Before we pick up where we left off last week, with Wednesday and Shadow fleeing the police station, its south of the border for our weekly installment of “Somewhere in America”. We join a group of Latin immigrants preparing to cross the border into America. There are of course difficulties, but never fear, Hispanic Jesus is here. Jesus rescues an immigrant from drowning before walking on water. Because of course. It’s Jesus and that’s what he does. The Cliff-Notes version of Jesus doesn’t stop there though.

Photo Credit: Starz

After successfully making it across the river, the group is ambushed by heavily armed, god-fearing white folk.The immigrants are fleeing to America for a better life because that’s what they do, and the white people are out to mow them down with automatic weapons because that’s what they do. No matter that there are women and children among the group.

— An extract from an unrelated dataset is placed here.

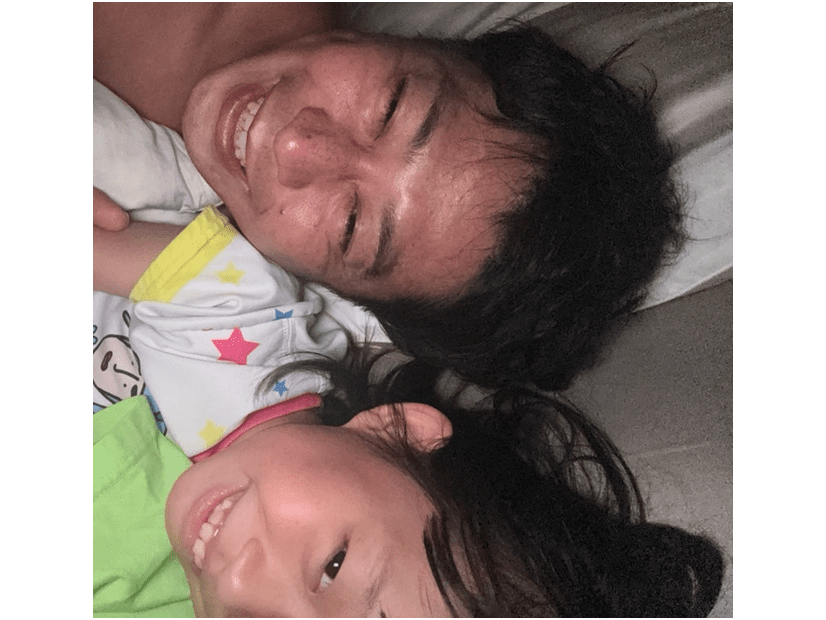 パンサー尾形、7歳愛娘との“ふざけ合い”寝かしつけSHOTに「楽しそう」「パパがいる時はこうなりますよね」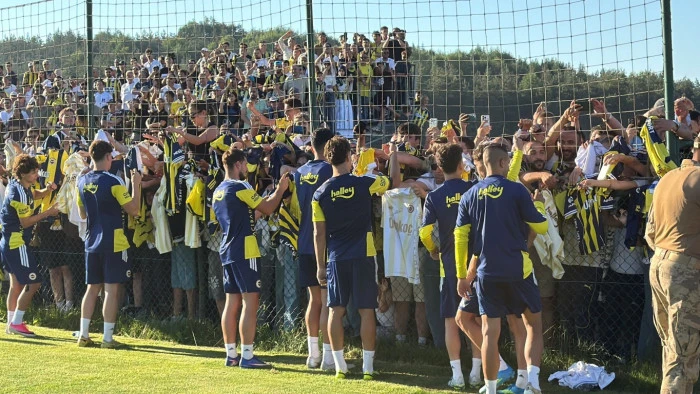 20 Bin Taraftarla Futbol Ş&ouml;leni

Anyways, Hispanic Jesus attempts to intervene, but is shot through the hands, and then through the heart. Hispanic Jesus being killed by white people who most likely worship a white Jesus was probably meant to be ironic, but it was about as subtle as smashing someone over the head with Czernobog’s hammer.

Naturally, Hispanic Jesus dies in the exact same pose as he takes on the crucifix, and finally, the whole sequence is over. Perhaps the only worthwhile nugget of wisdom to come out of the scene was that gods can, in fact, be killed. Except, we learn the lesson in a much less ham-fisted sequence later in the episode.

Photo Credit: Starz

Back to our heroes we go, as Wednesday and Shadow are fleeing the police station on foot. Shadow naturally has questions, and Wednesday naturally has no answers. The whole shtick is beginning to wear a bit thin, but damn if Ricky Whittle and Ian McShane don’t give each scene their all.

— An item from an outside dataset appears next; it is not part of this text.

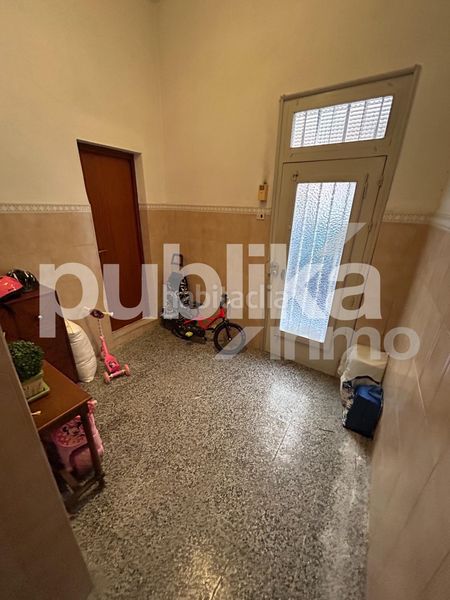 Foto 5b753303-ec86-4ad4-89f3-dbb4294e50f4. Edificio en calle de san antonio 63 edificio de 3 alturas más terraza en venta en Santa Pola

The duo walks back to the hotel, and after collecting their things hit the road as quickly as possible. Wednesday intentionally distracts Shadow from noticing Laura approaching as they pull out of the parking lot, and then the episode begins to actually show some life. That it comes from an undead wife and a Russian leprechaun just means you’re watching American Gods.

Emily Browning continues to play Laura Moon with just the right amount of reckless abandon for someone who’s no longer living, and her banter with the ever charismatic Pablo Schreiber is easily one of the highlights of the show thus far. The pairs are leaps and bounds ahead of everyone else on the show for chemistry, and it’s a surprising, but welcome addition from the novel.

Photo Credit: Starz

Anyways, Sweeney and Laura agree to head off in pursuit of Shadow and decide to hot wire a cab in the hotel parking lot. It’s not just any cab, of course, it’s the cab driven by Salim, not Salim, the man who slept with the jinn a few episodes back. It’s a pretty big coincidence, but Omid Abtahi provides so much needed levity that it’s hard to care.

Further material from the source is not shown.